Speaker of the House Newt Gingrich (R-Ga.) has assured the TV industry that he’ll block any new content legislation if they reach an agreement with kidvid groups on changes to the voluntary TV content rating system, congressional sources say.
Talks over a new rating system fell apart Thursday after Vice President Al Gore broke his neutral stance on the issue and endorsed a plan, backed by parents groups, to strengthen the system.
Right now, the industry has an age-based system designed after the MPAA movie code. Gore called for the addition of V, S and L codes indicating the presence of violence, sex and foul language. He also backed a plan to add violence labels to kids shows.

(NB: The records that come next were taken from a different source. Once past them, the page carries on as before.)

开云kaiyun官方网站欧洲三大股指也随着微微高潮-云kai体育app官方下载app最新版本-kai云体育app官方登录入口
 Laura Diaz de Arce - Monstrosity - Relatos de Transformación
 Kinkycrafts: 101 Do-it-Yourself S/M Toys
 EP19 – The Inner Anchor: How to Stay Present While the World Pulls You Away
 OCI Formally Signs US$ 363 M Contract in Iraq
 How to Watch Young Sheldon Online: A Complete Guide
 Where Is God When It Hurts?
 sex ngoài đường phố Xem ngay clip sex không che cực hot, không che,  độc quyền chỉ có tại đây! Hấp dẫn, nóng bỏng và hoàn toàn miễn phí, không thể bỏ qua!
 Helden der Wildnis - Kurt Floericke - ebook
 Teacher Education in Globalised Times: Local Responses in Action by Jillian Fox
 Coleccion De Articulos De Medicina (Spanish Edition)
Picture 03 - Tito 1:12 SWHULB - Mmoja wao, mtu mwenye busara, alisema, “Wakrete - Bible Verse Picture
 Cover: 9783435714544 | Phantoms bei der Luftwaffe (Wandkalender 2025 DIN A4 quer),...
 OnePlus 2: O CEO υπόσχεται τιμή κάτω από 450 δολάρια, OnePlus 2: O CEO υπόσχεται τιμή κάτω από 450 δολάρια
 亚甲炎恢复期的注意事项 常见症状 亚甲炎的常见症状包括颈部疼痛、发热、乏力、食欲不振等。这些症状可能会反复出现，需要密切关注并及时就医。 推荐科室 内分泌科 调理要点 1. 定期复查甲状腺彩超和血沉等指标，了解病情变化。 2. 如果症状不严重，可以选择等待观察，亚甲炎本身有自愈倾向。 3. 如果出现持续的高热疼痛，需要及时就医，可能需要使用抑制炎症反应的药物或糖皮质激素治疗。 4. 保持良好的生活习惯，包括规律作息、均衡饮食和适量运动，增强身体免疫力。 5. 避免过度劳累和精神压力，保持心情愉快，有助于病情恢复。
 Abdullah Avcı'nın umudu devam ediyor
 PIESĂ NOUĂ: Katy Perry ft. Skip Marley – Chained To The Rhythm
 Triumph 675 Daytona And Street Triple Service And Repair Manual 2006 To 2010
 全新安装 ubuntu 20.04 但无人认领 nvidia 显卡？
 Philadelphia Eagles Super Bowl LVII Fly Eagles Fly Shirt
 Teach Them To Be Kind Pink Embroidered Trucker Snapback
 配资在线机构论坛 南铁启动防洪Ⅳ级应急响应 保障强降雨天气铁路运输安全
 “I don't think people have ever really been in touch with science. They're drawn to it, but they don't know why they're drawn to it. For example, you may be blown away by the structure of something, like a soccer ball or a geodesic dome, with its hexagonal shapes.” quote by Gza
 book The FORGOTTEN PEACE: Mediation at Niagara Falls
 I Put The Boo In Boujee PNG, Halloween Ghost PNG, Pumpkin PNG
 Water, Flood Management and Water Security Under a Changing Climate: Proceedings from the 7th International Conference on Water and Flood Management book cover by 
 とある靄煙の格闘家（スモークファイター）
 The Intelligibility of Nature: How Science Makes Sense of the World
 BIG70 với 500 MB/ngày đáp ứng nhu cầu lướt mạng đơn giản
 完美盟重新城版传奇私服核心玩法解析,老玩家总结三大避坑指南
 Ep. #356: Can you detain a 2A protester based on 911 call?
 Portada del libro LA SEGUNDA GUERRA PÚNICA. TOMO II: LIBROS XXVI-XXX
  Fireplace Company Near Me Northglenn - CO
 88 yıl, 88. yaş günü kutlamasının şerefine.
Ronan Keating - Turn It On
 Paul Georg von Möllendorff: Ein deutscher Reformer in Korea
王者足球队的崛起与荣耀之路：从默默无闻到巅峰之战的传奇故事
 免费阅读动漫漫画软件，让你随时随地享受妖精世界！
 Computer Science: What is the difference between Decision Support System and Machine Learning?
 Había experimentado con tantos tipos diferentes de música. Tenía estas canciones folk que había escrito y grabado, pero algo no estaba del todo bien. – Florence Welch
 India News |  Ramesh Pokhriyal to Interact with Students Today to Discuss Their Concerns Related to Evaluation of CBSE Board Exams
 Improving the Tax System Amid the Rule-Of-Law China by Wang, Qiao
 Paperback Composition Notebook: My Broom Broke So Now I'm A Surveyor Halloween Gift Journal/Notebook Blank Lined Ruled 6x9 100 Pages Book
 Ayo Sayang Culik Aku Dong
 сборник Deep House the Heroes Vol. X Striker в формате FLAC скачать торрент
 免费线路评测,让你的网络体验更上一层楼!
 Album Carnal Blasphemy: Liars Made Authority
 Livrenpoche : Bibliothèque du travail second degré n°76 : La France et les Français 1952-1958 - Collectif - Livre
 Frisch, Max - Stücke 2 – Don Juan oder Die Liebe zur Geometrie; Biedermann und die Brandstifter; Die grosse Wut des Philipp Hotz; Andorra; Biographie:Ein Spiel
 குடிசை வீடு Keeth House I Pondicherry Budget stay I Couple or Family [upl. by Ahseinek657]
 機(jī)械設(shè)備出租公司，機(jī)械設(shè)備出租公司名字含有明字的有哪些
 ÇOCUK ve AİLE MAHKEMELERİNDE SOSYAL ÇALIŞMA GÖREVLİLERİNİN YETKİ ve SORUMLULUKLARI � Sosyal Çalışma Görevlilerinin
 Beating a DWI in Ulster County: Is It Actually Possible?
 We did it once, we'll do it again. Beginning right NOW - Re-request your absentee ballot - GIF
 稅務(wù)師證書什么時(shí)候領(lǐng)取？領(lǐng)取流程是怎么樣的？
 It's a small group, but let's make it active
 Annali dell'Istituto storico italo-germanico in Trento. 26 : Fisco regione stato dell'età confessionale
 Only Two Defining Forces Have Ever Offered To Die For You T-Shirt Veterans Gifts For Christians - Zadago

In an attempt to break the impasse, House telecom subcommittee chairman Billy Tauzin (R-La.) secured the support of Gingrich to kill any new TV content bills if all sides can come to terms, according to Tauzin spokesman Ken Johnson.
The move by Tauzin and Gingrich is an attempt to neutralize the threat made last week by Senate Commerce Committee chairman John McCain (R-Ariz.) to write a new, stricter content code into law if broadcasters and parents couldn’t do it on their own by Tuesday. He also promised to move forward on other TV violence/content bills.
Tauzin’s spokesman said the McCain threat had tipped the balance of negotiations toward kidvid groups, and his promise to kill any new bills evens things out. Sources say the two sides could be back at the table this week, and one network lobbyist didn’t rule out the possibility of reaching an agreement by Tuesday.